Frank Borzage’s 1927 silent classic 7TH HEAVEN begins in the gutters. But when viewing the restoration screened with spellbinding live piano accompaniment by composer Neil Brand, it is impossible to not be carried up with it from the grimy depths towards the stars.
Diane (Janet Gaynor) is a Parisian street urchin and Chico (Charles Farrell) is a sewer rat who dreams of being a street cleaner. Their lives are rough and dirty, and the pair’s first interaction is no storybook encounter — Chico saves Diane from a brutal assault at the hands of her sister, and he leaves her laying on the ground before finally taking pity on her. But when Chico and Diane pretend to be married to evade a police officer, they soon enough find themselves getting caught up in the fantasy of their own creation, clambering out of their despondent depths and transforming their lowly lives through love. Diane is a hopeless romantic despite the extreme abuses she has endured, and while Chico repeats again and again that he is an atheist and refuses to believe in any spiritual force beyond himself, he finds something he can believe in through loving her.
7TH HEAVEN set a high standard for cinematic romance, winning best actress for Gaynor and best director for Borzage at the first-ever Academy Awards. The film is undeniably melodramatic in mood, its emotion exaggerated and sentimental — yet it manages to draw the audience into that emotion and make them feel the full intoxicating force of romance. The characters seem almost self-conscious of hackneyed clichés, and find their own ways to express their feelings: Chico thinks that telling Diane he loves her is too “silly” to say out loud, so instead, he says simply “Chico – Diane – Heaven.” As much as Chico might deny it, he too is a romantic, prone to spouting poetry like that or “I work in the sewer but I live near the stars.” He and Diane climb a seemingly endless spiral staircase up to his apartment, and the effect of following them up and up is as dizzying and swoon-inducing as their whirlwind romance.
The romance is shattered suddenly by the outbreak of World War I, which rips Chico away from Diane and causes everything to descend into chaos. The war scenes, shot by Fox employee John Ford, are shocking in their fiery intensity, showing doomful images of the trenches and men marching towards their deaths. The film pushes the boundaries of what can be represented onscreen, taking the audience with it between highs and lows of human emotion, juxtaposing of dreamy lyricism with brutal realism. Through vertiginous shots from Chico’s balcony to the streets below or dissolves from Diane’s face to a ticking clock, the film weaves together a cinematic landscape that feels at once gauzy and ethereal as it does visceral and sincere.
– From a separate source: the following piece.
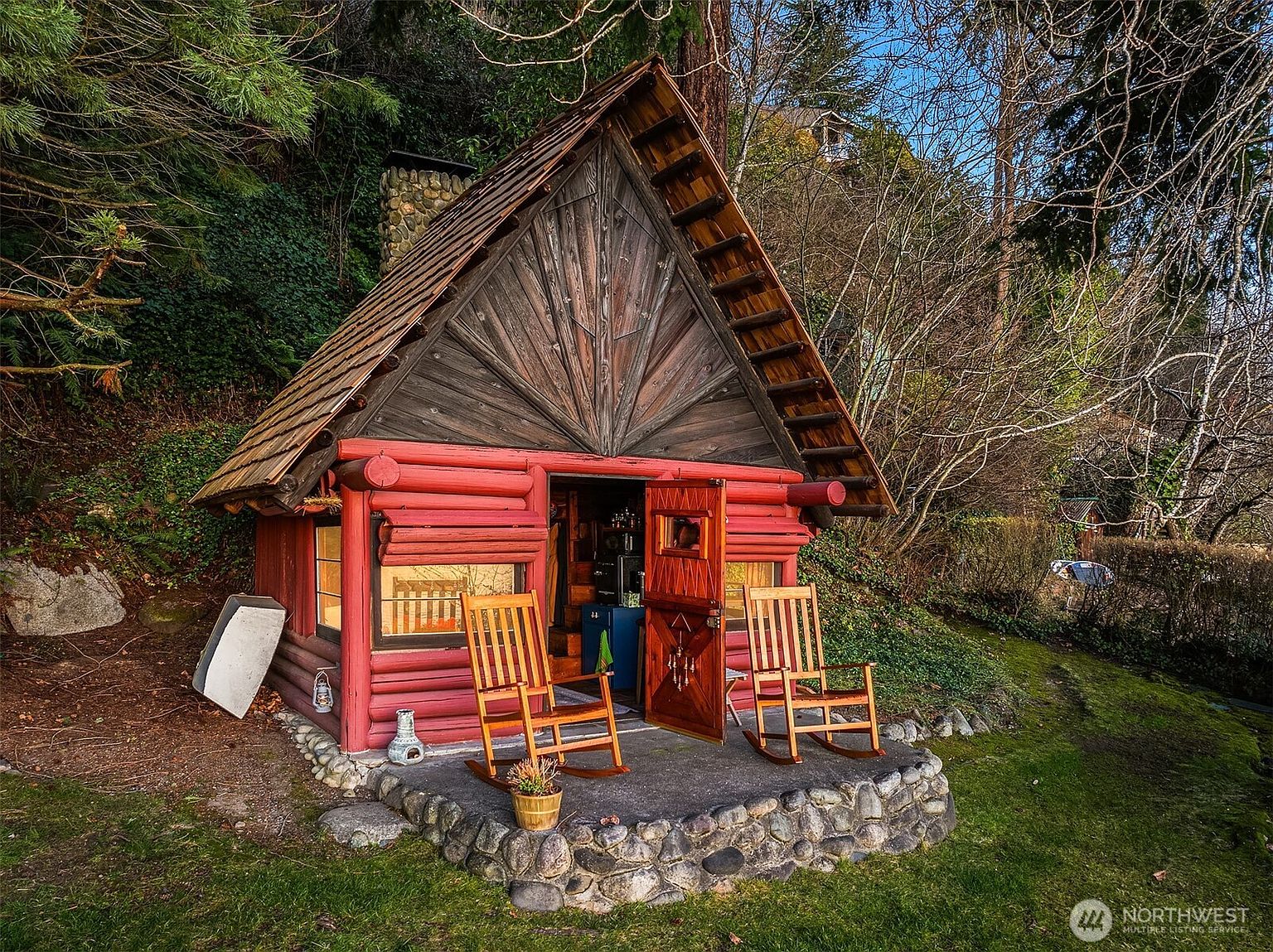 This charming, rustic A-frame cabin features vibrant red log walls and a unique sunburst-patterned wooden gable. A stone-bordered patio sits in front, furnished with two wooden rocking chairs, creating a cozy and inviting outdoor space nestled against a wooded hillside. The scene captures a peaceful, storybook aesthetic perfect for a secluded retreat.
The recurring religious references and the refrain of “looking up” show love as a source of hope, a spiritual force, a chance for transcendence. The pair remain tethered through a mystical connection, communicating every day when the clock strikes eleven. Chico’s miraculous return from the war reunites the couple and gives them a happy ending that seemed impossible, showing that love can conquer all and even defy apparent death. As we follow the romance of Diane and Chico that transgresses all ordinary bounds of time and space and maintains an optimistic look in the face of darkness, this film takes us as close as we can get to heaven.